I guess the first response would be that's why internships in engineering are so important.  However, I find this discussion really interesting. How has the education of engineers changed with time? I know lots of "old-timers" (now mostly retired) who never even got a dergee, and earned their title through practical experience.  Maybe engineering should be a "technical trade".  (GASP)


----------



## Dean Agnostic (Apr 22, 2018)

Interesting.


----------



## Dean Agnostic (Apr 22, 2018)

Even more interesting is the guy (Mr. Miller) has a Ph.D. in Mechanics.


----------



## bwin12 (Apr 23, 2018)

I think the guy has interesting points, and my "1st year in college self" would agree with him much more than my "11 years out of college with a PE self".

I don't agree with his comparison to a musician, I think that's a little bit of a reach. Say he compared it to someone studying elementary education. Is that person supposed to be in an elementary school classroom from day one? Do they need to be a teacher while learning to teach? If I hire an engineer to design the structure of a house I want them to know why that beam is going to bend or how to counteract the wind load. And then, when I want to add of a fancy deck on the second floor I want them to be able to say its safe if its built this way, not "oh I have never done that because I only learned how to be an engineer, not engineering".

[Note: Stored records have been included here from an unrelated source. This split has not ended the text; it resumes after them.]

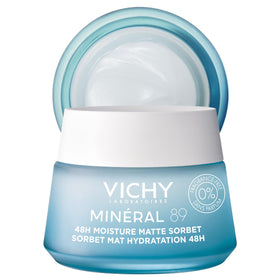 VICHY Minéral 89 sorbet front packaging showing jar and label for quick recognition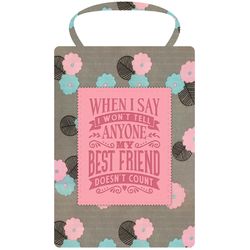 Sentiment Tote Bag Best Friend 6.29 in. H X 4.33 in. W X 1.18 in. L Multi-Purpose Bag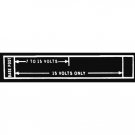 AMERICAN FLYER TRANSFORMERS Rear SELF ADHESIVE STICKER S Gauge Trains Parts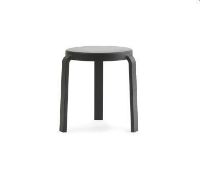 Bild von Normann Copenhagen Hahnhocker H: 43 cm - Schwarz/Schwarz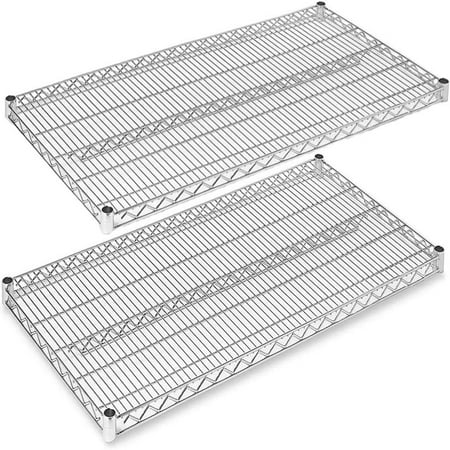 

Chrome Wire Shelving |Pack of 2 Shelves| Heavy Duty NSF Storage Shelves (21 W x 24 L)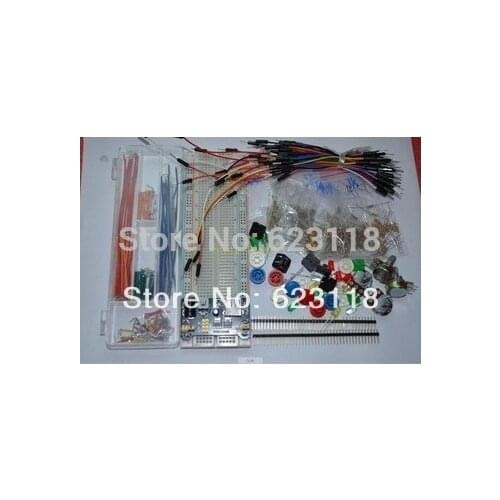 Generic parts package kit + 3.3V/5V power module+MB-102 830 points Breadboard +65 Flexible cables+ jumper wire box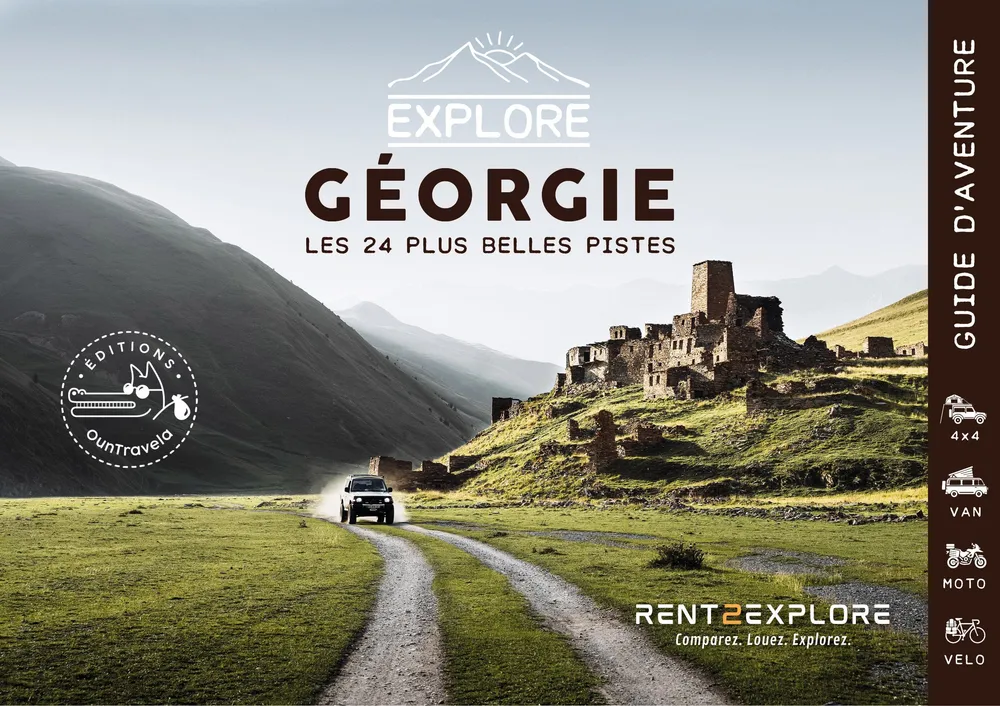 Guide de voyage - Explore Géorgie, Les 24 plus belles pistes van, 4x4, moto & vélo | OunTravela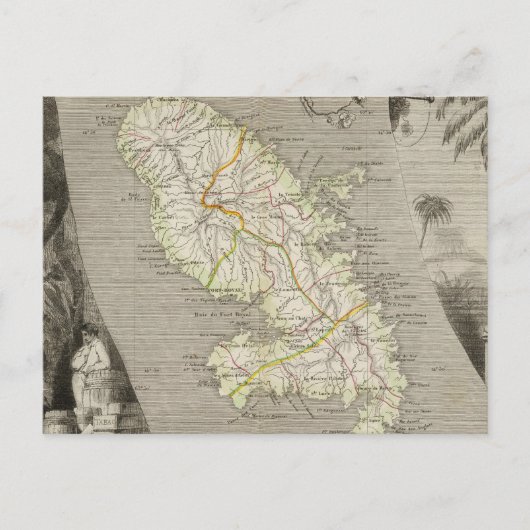 コロニーフランスのマルティニケ ポストカード (正面)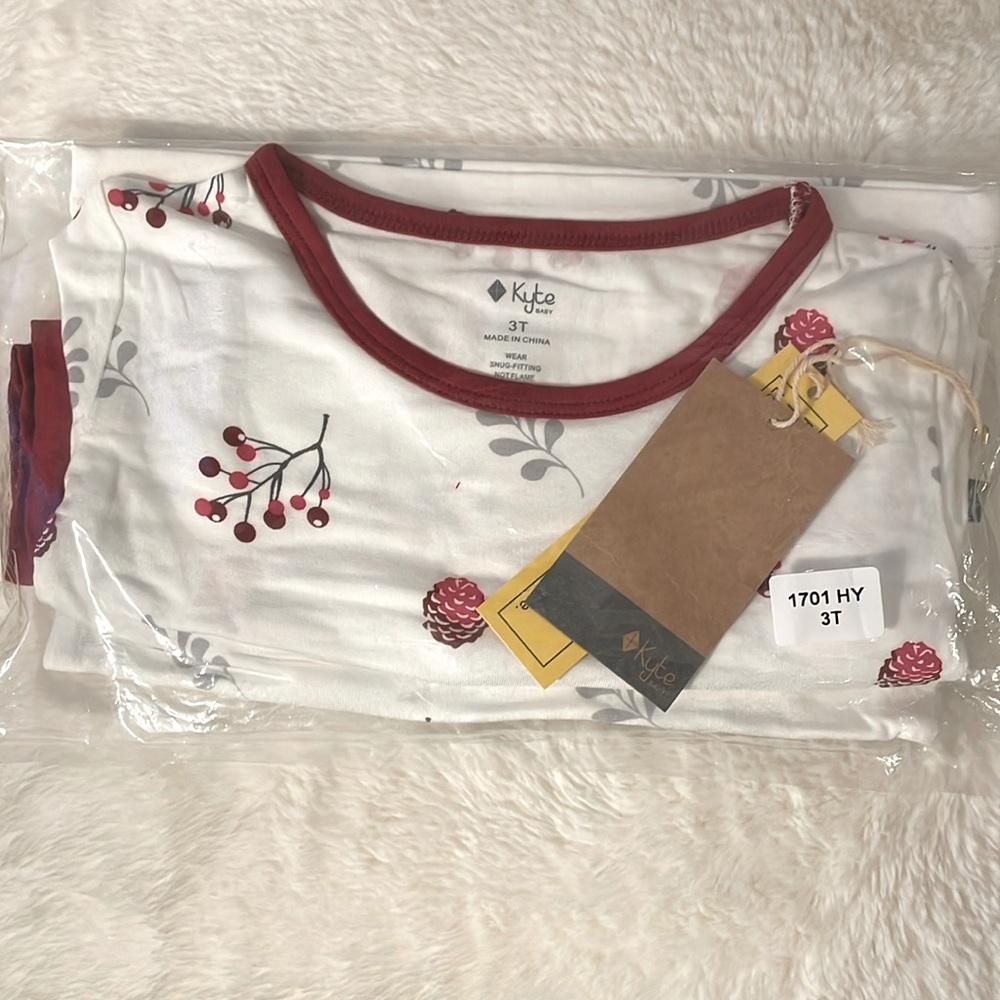 Kyte BABY HOLLY long sleeve pajamas. 3T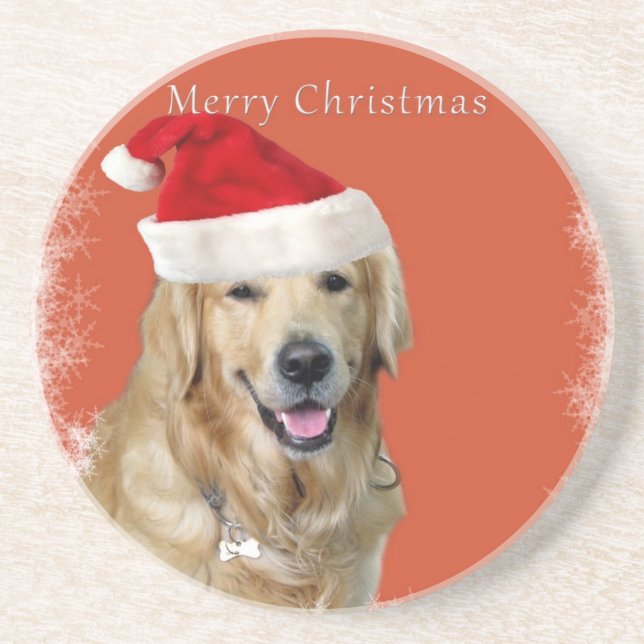 Weihnachtshund Getränkeuntersetzer (Vorne)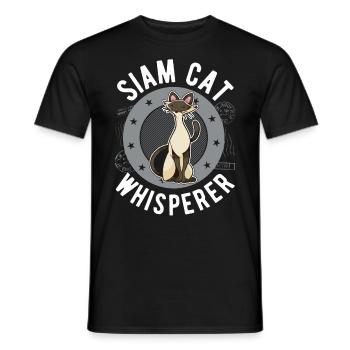 Siamkatzen Flüsterer Siamesische Katze - Männer T-Shirt - Schwarz - Vorne - AI Model Male 178 light (178cm)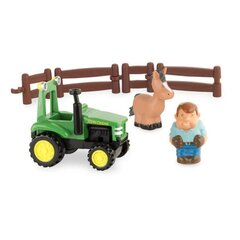 Комплект с трактором John Deere First Little Farm, 43067A1 цена и информация | Игрушки для малышей | 220.lv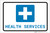 Health Services with Icon Landscape - Label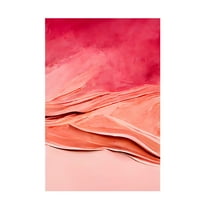 Canvas Wall Art - Treechild 'Abstract Thick Pink Color' Wall Art for Living Room, Bedroom, or Office D?cor by Trademark Fine Art - 12 x 19 Inches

All that said, I think the system needs some tweaks. As mentioned earlier, internships are the best thing ever.

Also, he can say the % of students with engineering degrees are declining, but he needs to take into account this most recent generation. Take a senior in high school in 1968 and another in 2018 "ok, if you want to be an engineer you need to plan on 8 solid semesters of 8 AM classes, 20 +/- credit hours, doing an internship over each summer and generally being challenged. In return I can almost guarantee you a substantially above average starting and career-long salary that you actually have some responsibility and take care of yourself and a family." Nah, ill just live in my parents basement until I'm 28 with my Art of Listening to Music degree...


----------



## willsee (Apr 24, 2018)

Or the brightest realize they can make more money by not being engineering students or not practicing engineering - while putting in less effort in college


----------